I grew up in a generation of kids who knew about and most of whom were having sex long before that reached the legal age of 18.  And I grew up in a generation where most people didn’t want to tell us anything about sex. No one wanted to teach us what it means to have sex. We were taught to “Just Say No” to drugs, but never taught the young men that “No means No” and never taught the women that “It’s okay to say no” and to report it if someone didn’t listen.

But my college experience changed everything I knew. As a resident assistant, I organized Rape Aggression Defense classes with our campus police department in our halls. I created bulletin boards with reminders about drinking the unknown and keeping yourself safe on campus. We all preached walking in teams, embracing the buddy system and had long discussions about calling home for help if you drank something and felt funny while at a party.

It was not my job to be a tattletale on my girls for their underage drinking or partying ways. And I made sure my girls knew that, because it’s how I built trust. (And because it wasn’t my job to bust them for underage drinking when they weren’t on campus.) Which is why I got many, many calls, on countless weeknights and weekends, from girls in my hall, who couldn’t get out of a party or a house. Girls that had been drugged. Girls who needed help to prevent being raped.  Girls who weren’t sure where they were anymore or what had happened to them, but knew something wasn’t right. Girls who had already been raped and needed help getting home because they were literally too scared to move.

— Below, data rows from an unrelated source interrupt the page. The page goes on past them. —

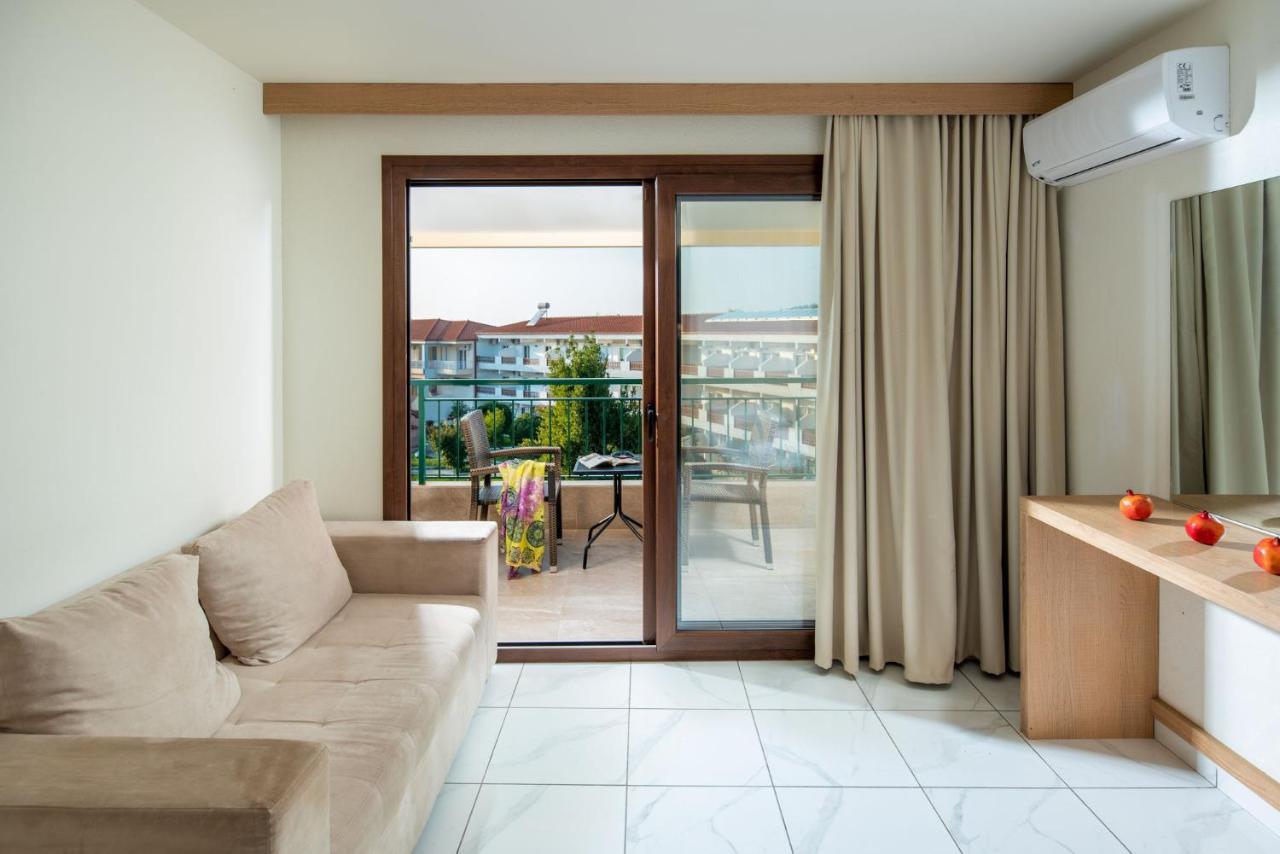 Toroni Blue Sea Hotel Exterior photo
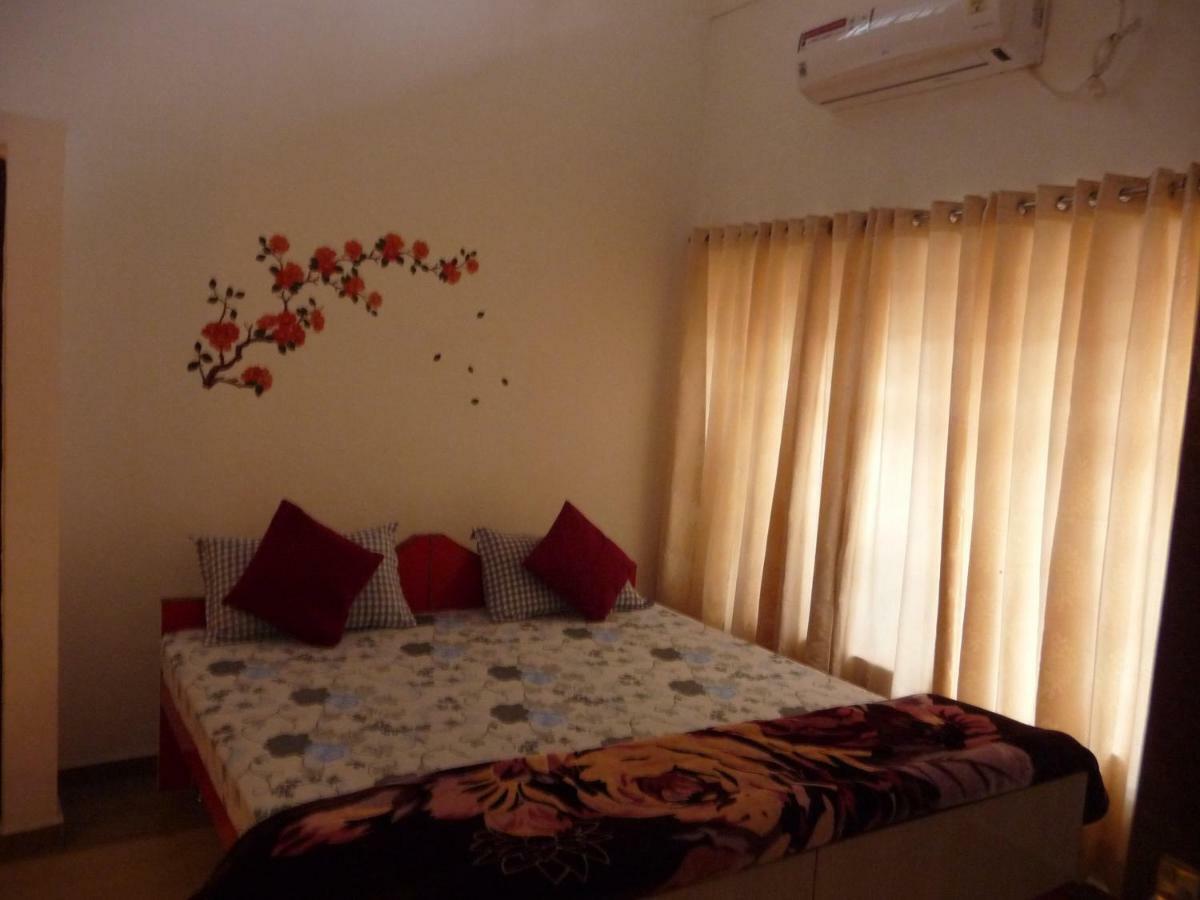 The Sunaina Hotel Benares Buitenkant foto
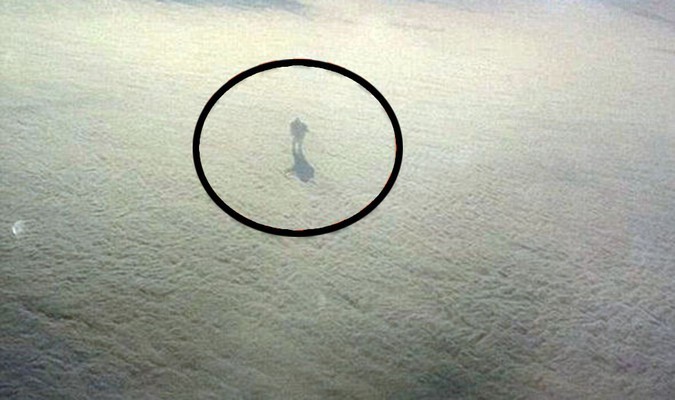 Пассажиры самолета сфотографировали человека, идущего по облакам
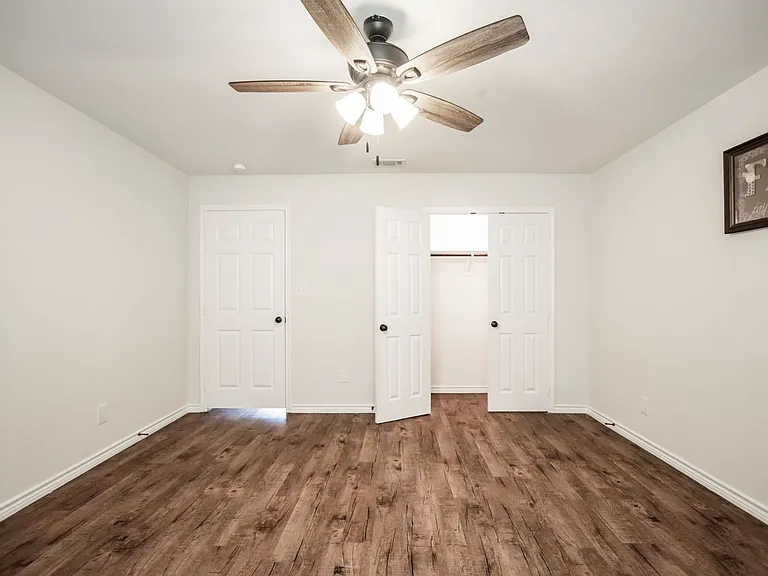 The Villas Apartments — Photo 7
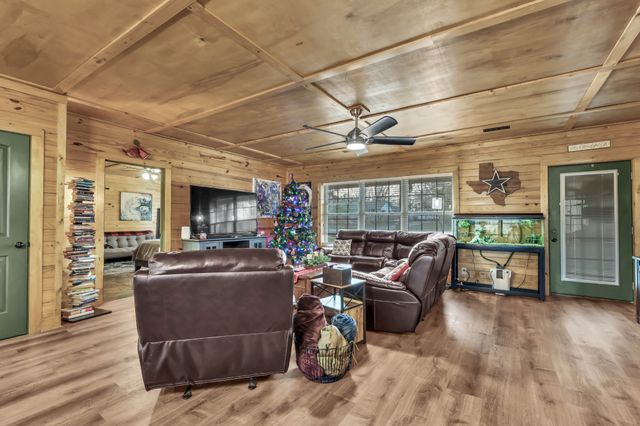 214 Eastside Dr, White House, TN 37188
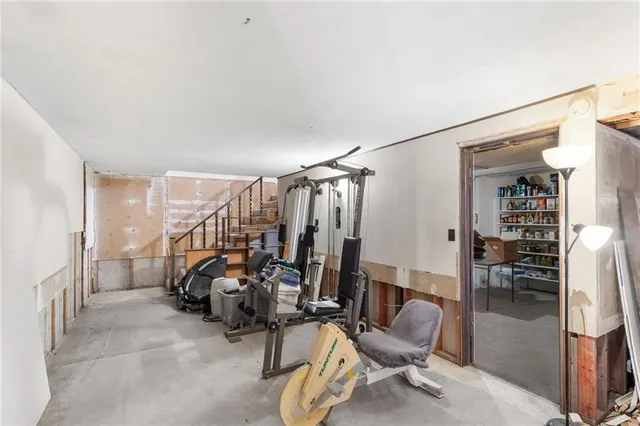 $275,000 | 430 Chestnut Drive, Marshall, MO 65340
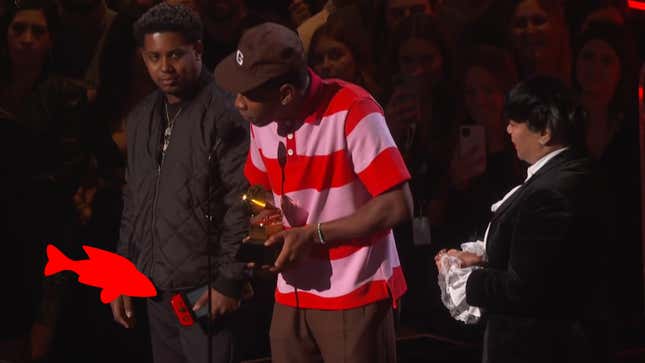 Image for article titled There&#39;s A Perfectly Good Reason A Switch Was On Stage At The Grammys Last Night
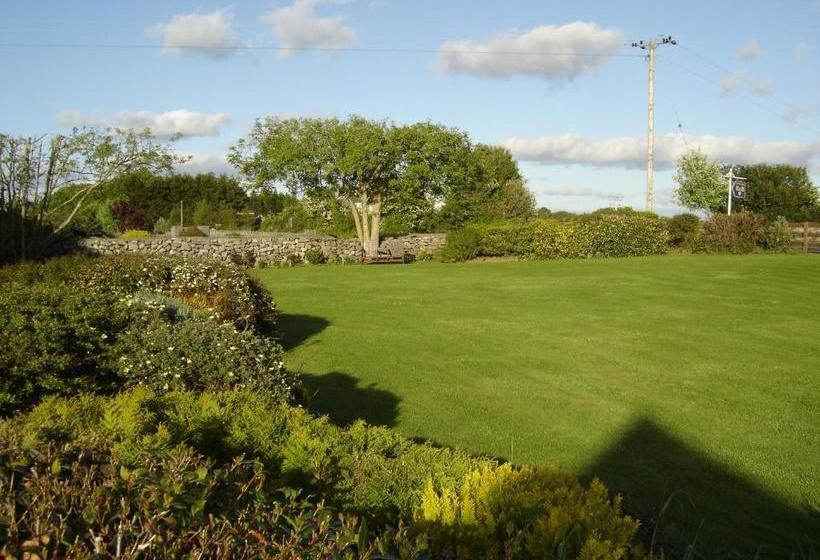 مبيت وإفطار Springlawn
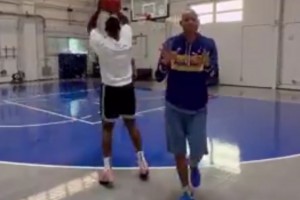 傳奇射手雷吉·米勒！垃圾話絲毫影響不到他 三分球彈無虛發(fā)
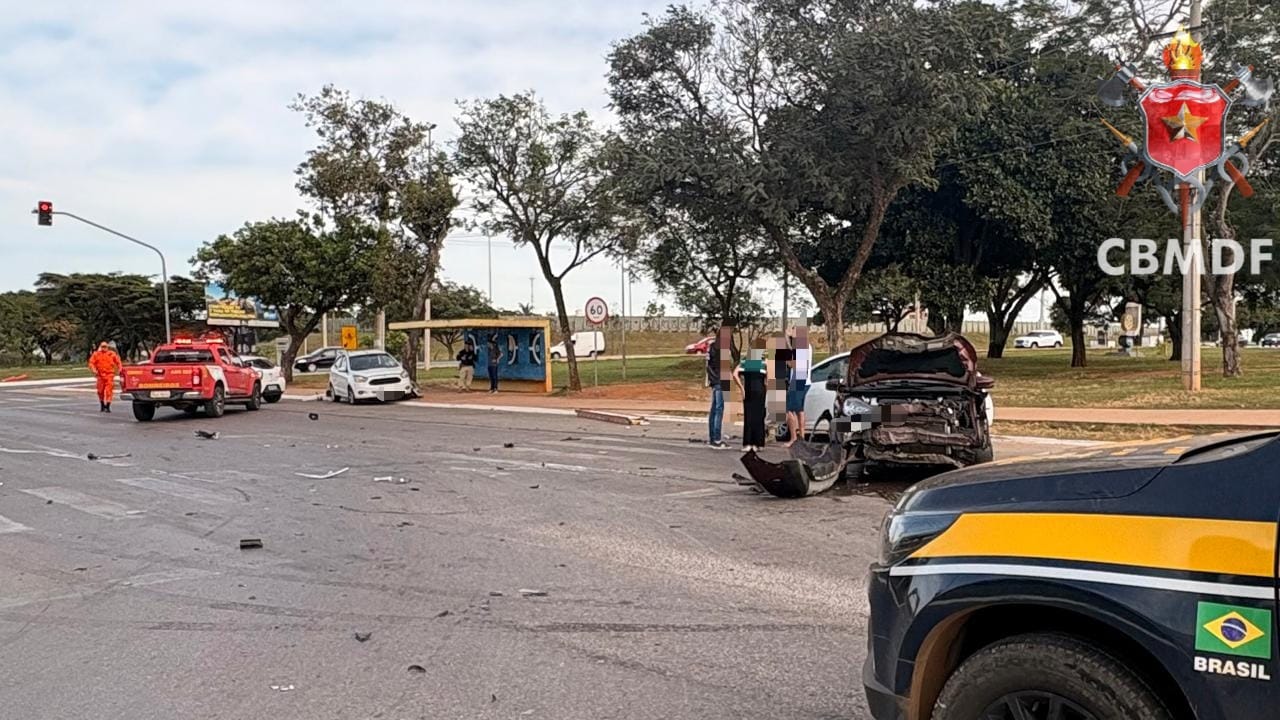 Colisão entre três carros deixa dois feridos na BR-020, em Sobradinho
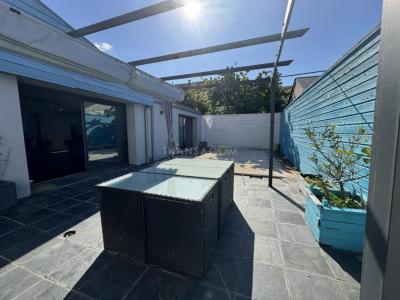 For sale Tours 5 rooms 254 m2 Indre et loire (37000) photo 2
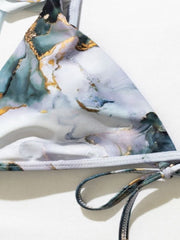 3-teiliger Bikini-Badeanzug mit Batik-Volants und Überwurfrock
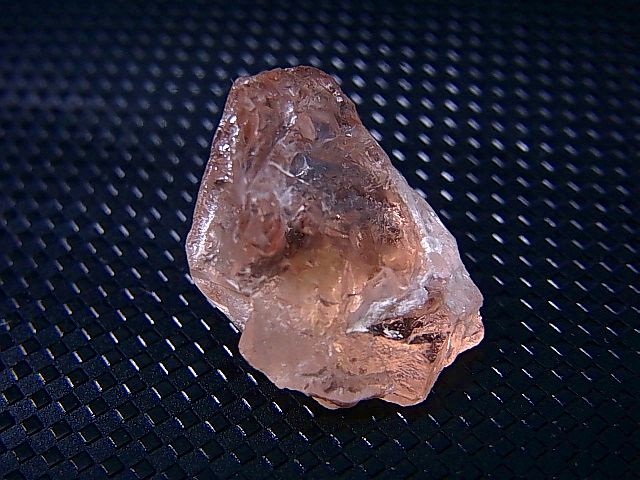 画像: 宝石需要品質：ベトナム産シャンパンカラートパーズ原石 22.1カラット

Along with my girls, I had great relationships with many of the boys in our hall and whether I was able to leave the building or not that weekend, I’d literally knock on doors and wake up a couple of sober guys up to make retrieval parties.  One time, we had organized a group of 10, mostly men, to a frat house to retrieve three girls, one who was absolutely certain the other two had been drugged, but she couldn’t get them out of house nor protect them both herself. Like an army, they marched in together and carried our girls home, got other girls who looked like they were in trouble, out of the house. (And then I called the cops.)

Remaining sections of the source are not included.